SUPPLIED INFORMATION
━━━━━━━━━━━━━━━━━━━━━━━━━━━━━━
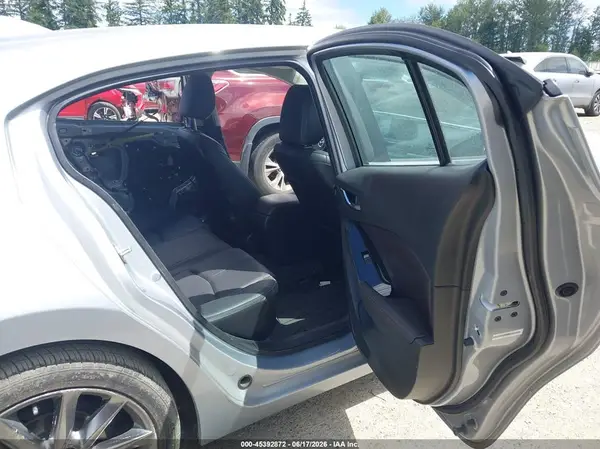 JM1BN1L35J1156813 2018 MAZDA 3 - Image 8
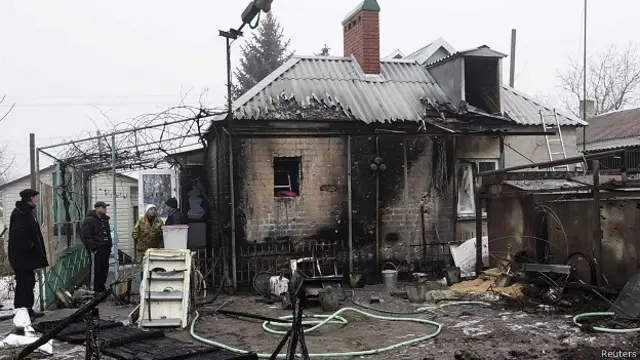 Kubu pemberontak membantah terlibat dalam serangan ke Mariupol.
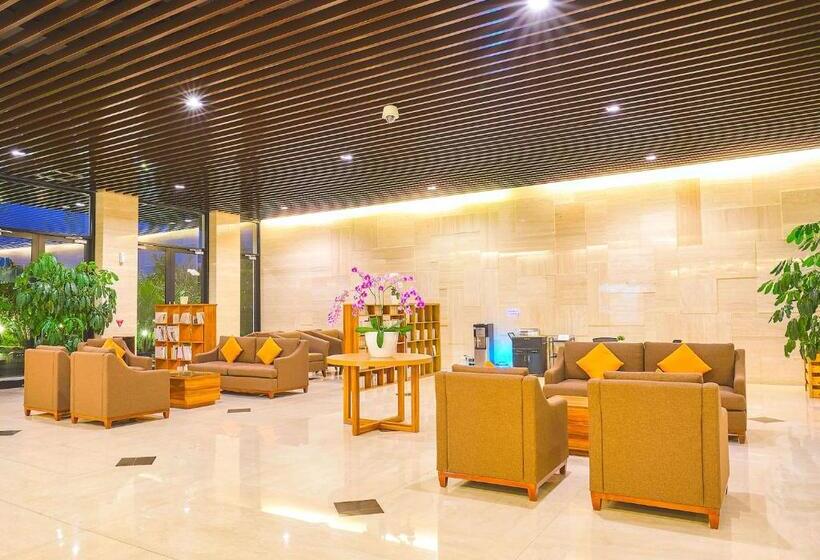 Le Premier Hotel Deltamas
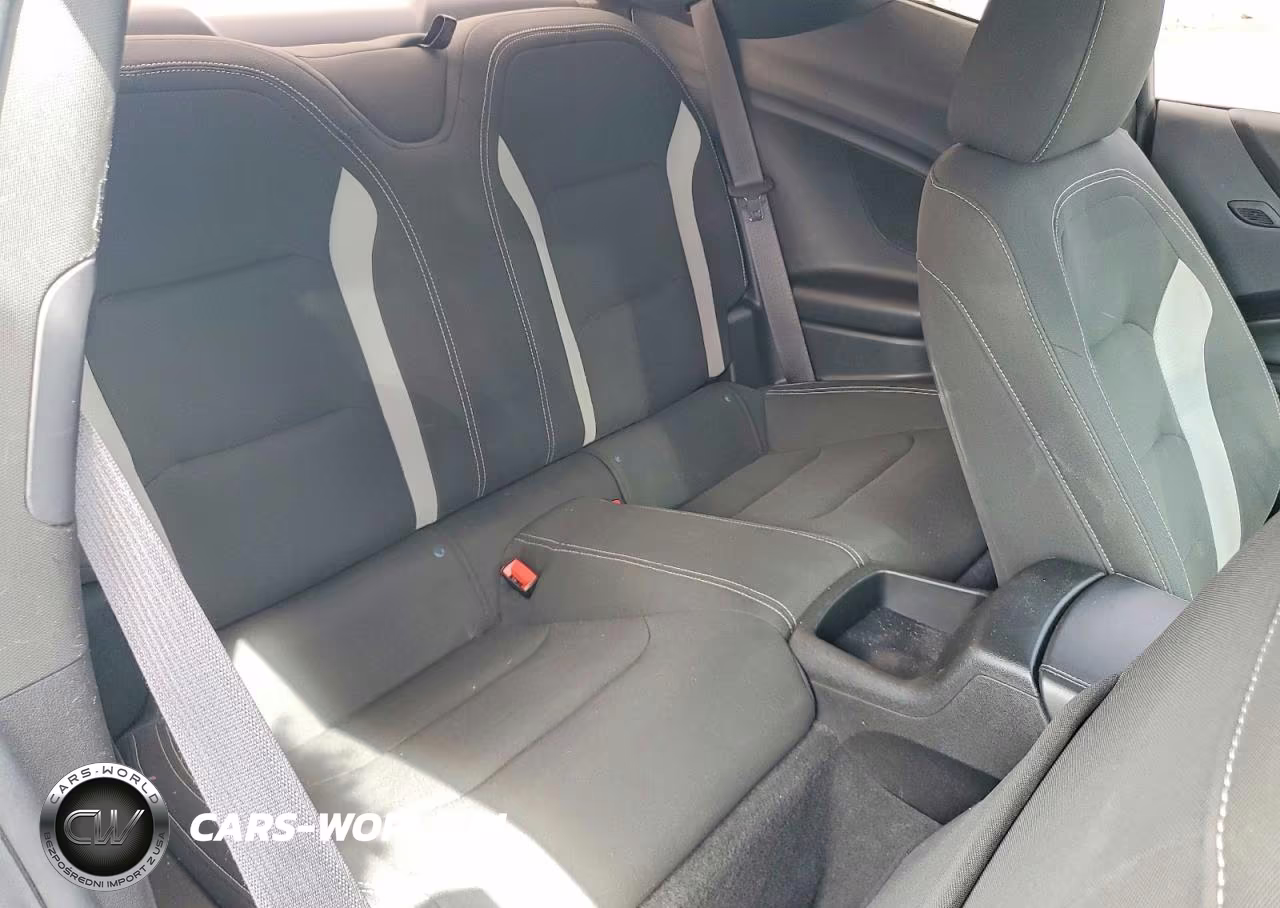 2021 Chevrolet Camaro Ls VIN:1G1FB1RX6M0127733 - 10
━━━━━━━━━━━━━━━━━━━━━━━━━━━━━━
BRIEF
Word for word, write out the full listing, leaving the pictures aside.

REPLY
 JM1BN1L35J1156813 2018 MAZDA 3 - Image 8
 Kubu pemberontak membantah terlibat dalam serangan ke Mariupol.
 Le Premier Hotel Deltamas
 2021 Chevrolet Camaro Ls VIN:1G1FB1RX6M0127733 - 10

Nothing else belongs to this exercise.